This is only the beginning though, as one must be fully aware of who one’s characters are and how their experiences shape them in order to portray them with the correct character depth. A reader should also be prepared not to judge my characters as one would judge people in a modern situation. I feel that the world of our ancestors was so vastly different from our own and I am attempting to portray this!

The Bibliography (at present)

I do not believe that there is a viable way for me – as one who does not work in the fields of archaeology or classical civilizations full-time – to constructive a narrative worthy of the historical fiction genre without a substantial amount of research.

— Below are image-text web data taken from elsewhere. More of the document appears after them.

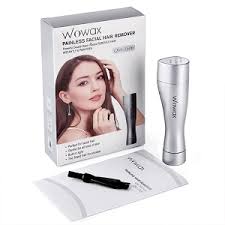 Women Facial Hair Removal Trimmer, Peach Fuzz Remover for Women Electric Epilator for Peach Fuzz, Chin Hair, Lip Moustaches, Waterproof with Built-in LED Light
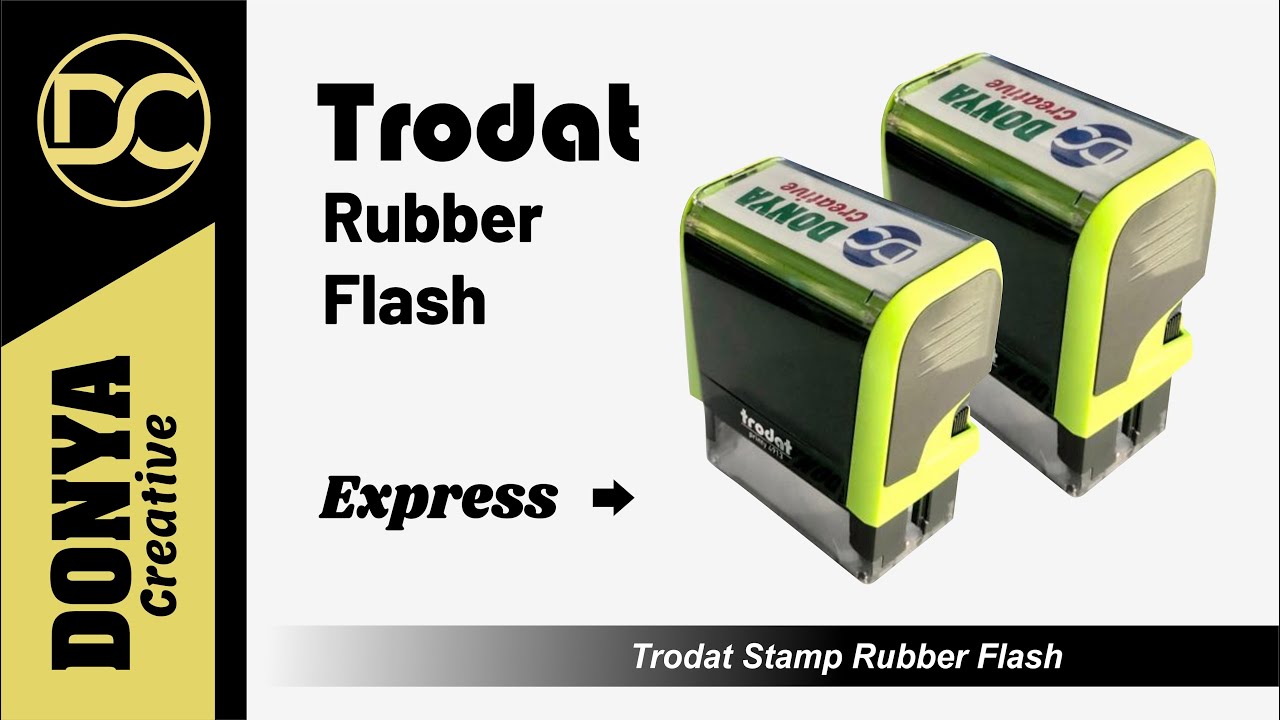 CARA MEMBUAT STEMPEL TRODAT DENGAN KARET FLASH (BIKIN STEMPEL) SIAP CEPAT PRAKTIS DAN TAHAN LAMA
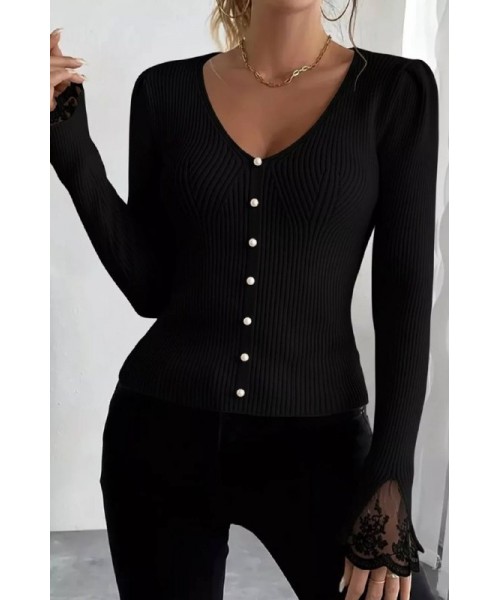 BLACK JUMPER KNITWEAR - 249607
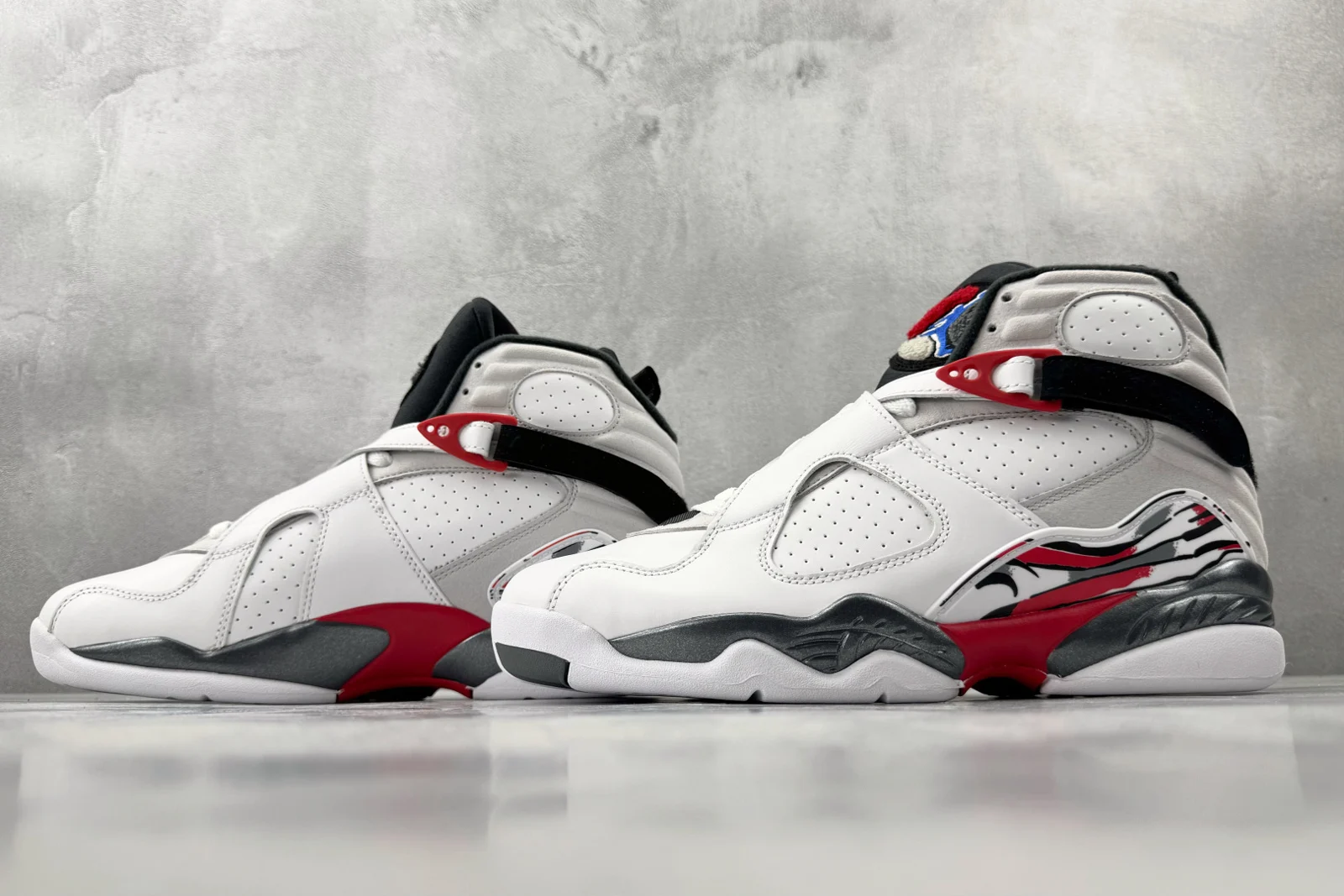 Air Jordan 8 High | White and True Red | 305381-100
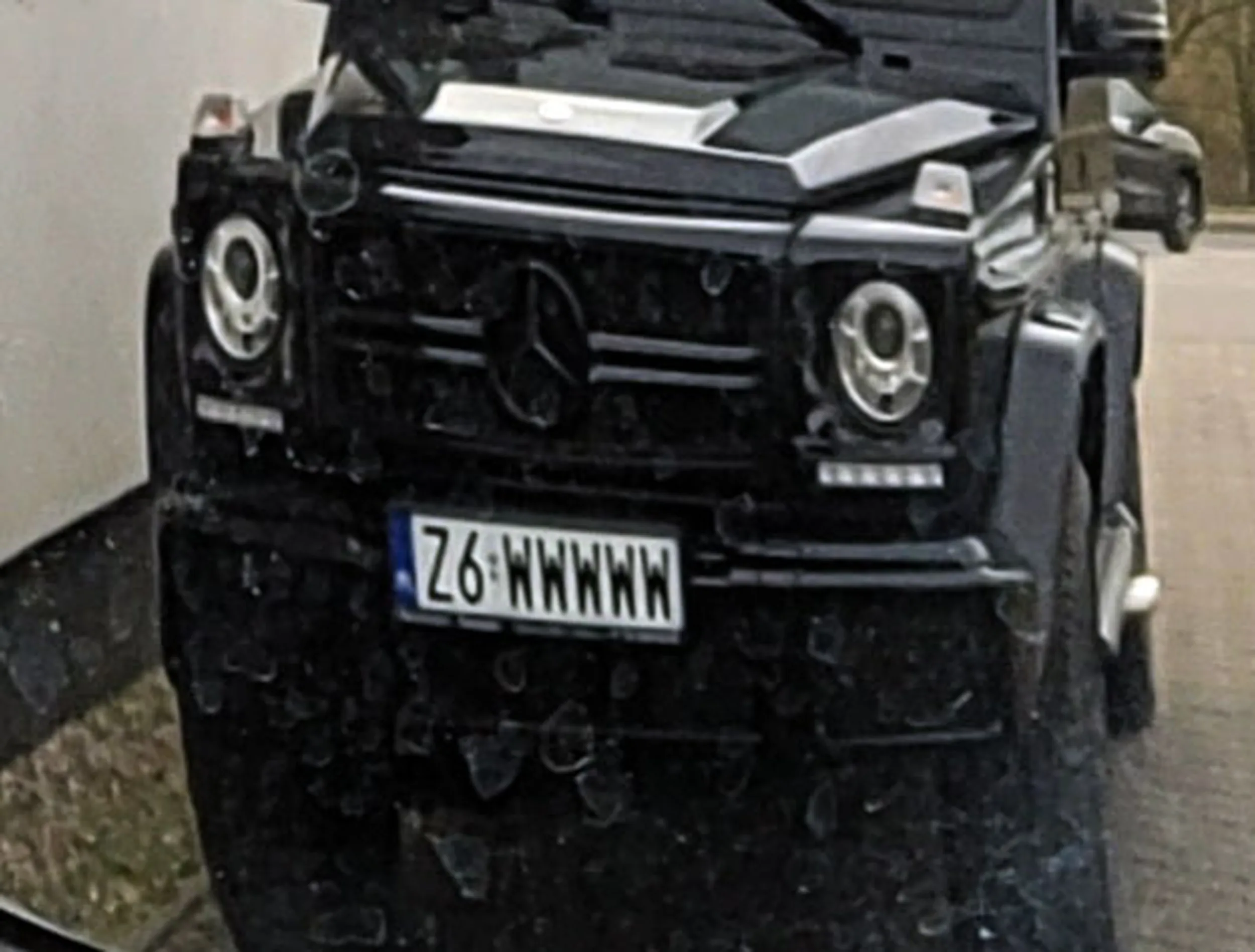 Fajny numer, blacha Z6 WWWWW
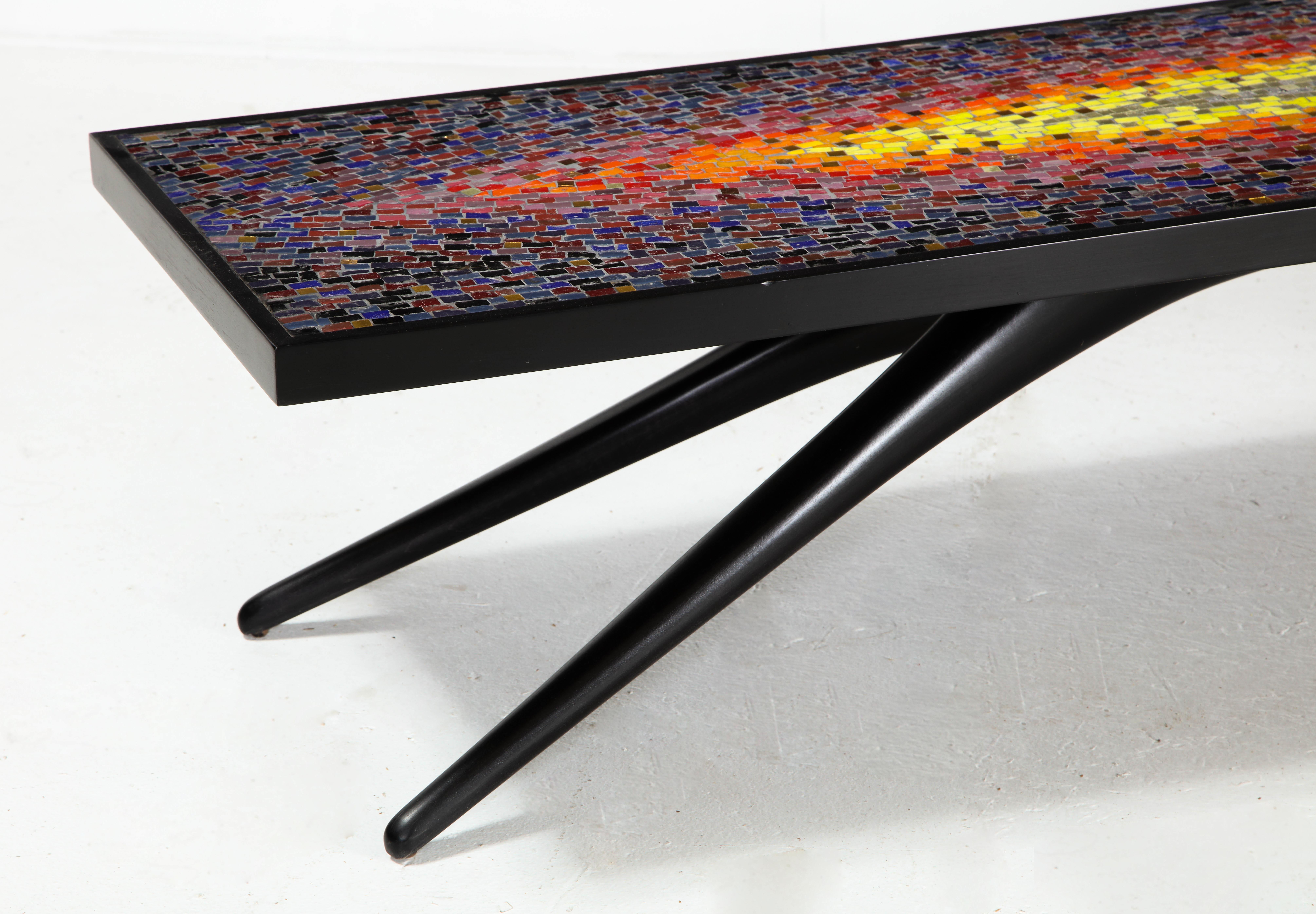 American Rectangular Mosaic Table w/ Mosaic Top Offered by Vladimir Kagan Design Group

Here is my reading last up until now (no it is NOT in any academic format):

  • The Roman Invasion of Britain: Archaeology versus History, Birgitta Hoffman
  • Legions of Rome, Stephen Dando-Collins
  • Re-Kindling History, Boudica – Queen of the Iceni, David Carl Schafers
  • Roman Centurions 31 BC – AD 500, Raffaele D’Amato
  • Roman Army Units of the Western Provinces (1), 31 BC – AD 195, Raffaele D’Amato
  • Roman Britain, Henry Freeman
  • Lectures and Fragments, Gaius Musonius Rufus
  • Complete Tactitus Anthology (Agricola), Gaius Cornelius Tacitus
  • The Annals (Various parts pertaining to my setting), Gaius Cornelius Tacitus
  • De Bello Gallico, Gaius Julius Caesar
  • Legio XX, Valeria Victrix, Stephen James Malone
  • A Handmaid’s Tale, Margaret Atwood (I need to see more of the ‘1st person present’ style)
  • I, Claudius, Robert Greaves (‘1st person past’ is also relevant as is the setting)
  • Eats, Shoots and Leaves (Lynn Truss)

Needless to say that this is only the tip of the iceberg. The trick though, is to immerse readers into an entirely different world to the one they know without making it seem like a boring history lesson!

The Boleyn Countess

Well, if my own novella is still in the works, I am proud to say that my mother’s work of historical fiction is still in publication and doing the rounds!

It is a novella based on the life of Lady Elizabeth Howard, mother of Anne Boleyn and it is told from her point of view. Those who are familiar with Tudor history will recognise Anne Boleyn as a former Queen of England and second wife of King Henry VIII. Alas, it would be most unfair for me to give a review of a novella written by my mother (five stars – obviously!), but I do recommend it as a more than worthy read for any fans of historical fiction or the Tudor period of England.

  • On Facebook, one can find Deborah Findlay @debswriting

It is a great read and I thoroughly enjoyed it!

The First Post

This post is an introduction to my website as an author. I have recently pulled a historical fiction novelette of mine from a publisher and am in the finishing stages of a fantasy novella. The time has come to place my writing blogs and any updates related to my publications on a separate website.

finphoto.net is still active and I am posting fairly frequently regarding my photographic exploits and endeavours, having now moved over to being a Sole Proprietor of “Findlay Photography and Digital Services.”

I decided to re-post and brand my publications separately for both my own convenience and for that of exploring surfers, hence the purpose of this site which I will be developing over the coming months.